CatalogueOfLife / backend

Complete backend of COL ChecklistBank
Apache License 2.0
15 stars 11 forks source link

Investigate if ChecklistBank could expose the readonly GBIF v1 Species API #1320

Open mdoering opened 4 months ago

mdoering commented 4 months ago

What are the differences between the v1 GBIF Species API and ChecklistBanks data model. Are there any true blockers?

mdoering commented 4 months ago

Name parser

mdoering commented 4 months ago

Searching names

Species suggest and search both have similar parameters and return types. The exact behavior of the search (scoring/ranking) is likely to be different:

Return type

mdoering commented 4 months ago

Species response Type: see above. Additionally:

mdoering commented 4 months ago

v1 methods which do not exist at all:

mdoering commented 4 months ago

Identifiers are the biggest problem. ChecklistBank has compound keys with datasetKey (int) and a dataset scoped id (String) which is the original identifier from the source. While v1 has a single int key which is unique across all datasets.

COL stable identifiers are short string, but can be converted bidirectionally into an int. That won't work for other dataset identifiers

MattBlissett commented 4 months ago

Backbone taxon keys are used in other GBIF APIs:

I can't think of an exposure of non-backbone keys, things like the IUCN Red List resolution during interpretation don't store the keys.

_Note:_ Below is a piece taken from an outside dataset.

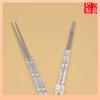 Palillos de Plata Pura, Cucharas de Plata, Tazones de Plata, Hechos a Mano, Macizos, Plata Pura 999 de Yunnan, Vajilla de Plata Pura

mdoering commented 4 months ago

Does that mean we cannot change the keys to not break the other APIs or is it a matter of (not) changing the data type from int to string? If the APIs would accept both an old backbone integer and a new string one we might be able to offer a smooth transition. Old integers would be mapped internally to the new ids which could also be submitted directly then.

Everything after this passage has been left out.